Some say the shifting attitude toward sanctions is simply evidence of changing foreign-policy goals. "Success is much rarer in high-stakes, political cases," says Jeffrey Schott, a senior fellow at the Institute for International Economy in Washington. "The target regime has a lot more to lose and therefore the economic uncertainty may not be sufficient to justify economic suicide."
Still, there is clear evidence that sanctions can work in convincing repressive regimes to change their ways. Supporters point to the end of apartheid in South Africa, liberalization in communist Poland, and the recent willingness of the military junta in Myanmar (the former Burma) to negotiate with opposition leader Aung San Suu Kyi.
"It would be a mistake to abandon sanctions in situations where there are no ready substitutes, as in the promotion of international human rights," Aryeh Neier, author and human rights advocate, wrote recently in The New York Times.
Zbigniew Brzezinski, national security adviser to former President Jimmy Carter, agrees a review of sanctions policy is "long overdue." For example, says Dr.
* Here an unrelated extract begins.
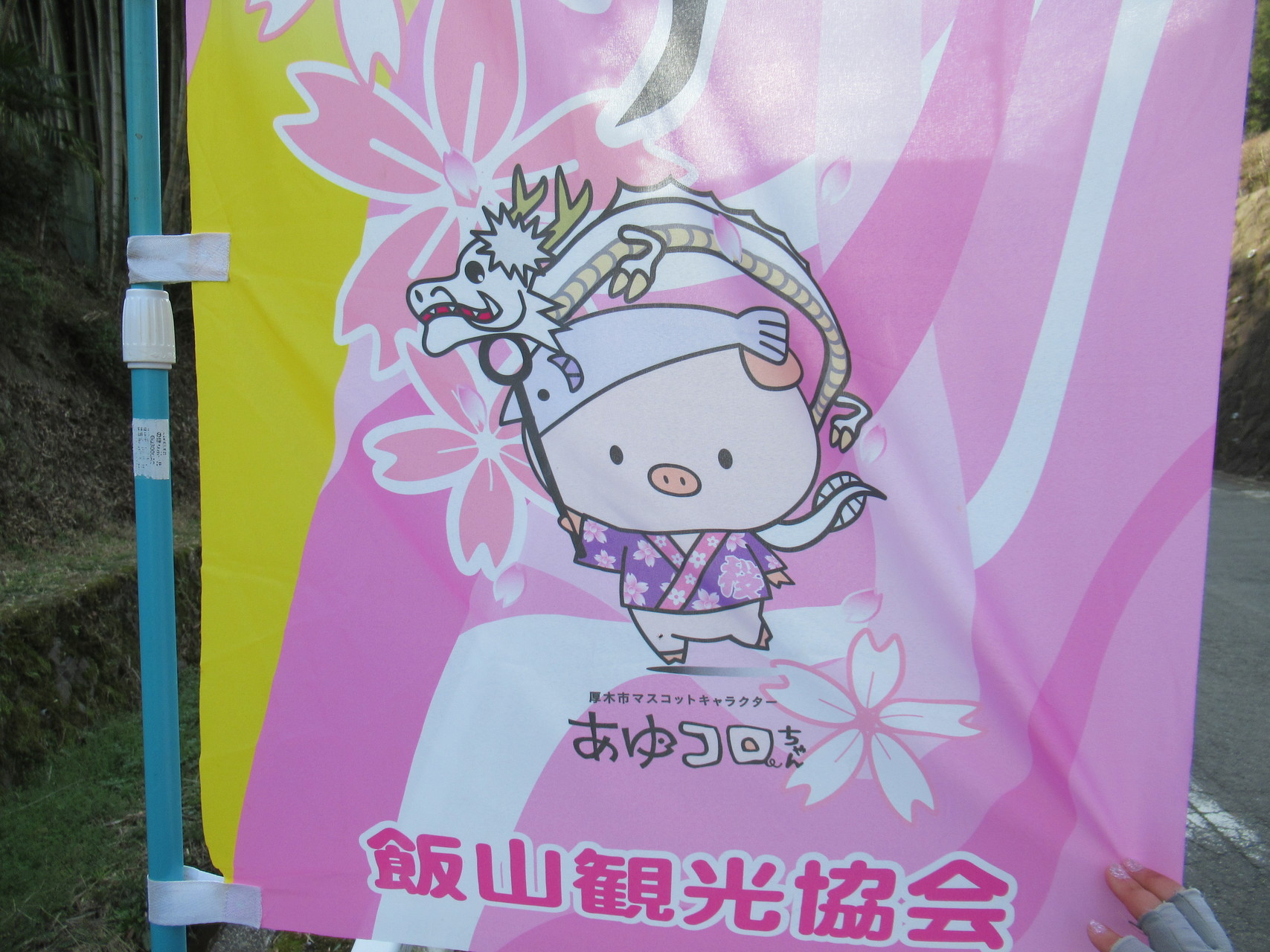 東丹沢 ネコノメ一族 ミツマタ群落に会いに にいにさんの大山の活動日記 Yamap ヤマップ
Brzezinski, the US should prepare for the time when Fidel Castro is gone. "I think that in case of Cuba [which has been under US economic sanctions for nearly 40 years], we ought to be prepared for a soft landing after Castro's gone, and we can do that better if sanctions create more opportunity for interaction with Cuban society."
Sanctions on Cuba will stay
With anti-Castro Cubans in Florida an important element of political support for Republican administrations, it is unlikely that 40 years of sanctions on Cuba will be dramatically changed any time soon.
But, says a State Department official, "There will be a comprehensive look at all the sanctions that are out there and why and how we should use them."
Part of this review is likely to examine the usefulness of unilateral US economic sanctions in relation to sanctions imposed by the United Nations or other multinational groups.
"I would apply unilateral sanctions very sparingly," says Lee Hamilton, director of the Woodrow Wilson Center in Washington and former chairman of the House Foreign Relations Committee. "They're almost never useful."
Staff writer Francine Kiefer and Justin Brown contributed to this report.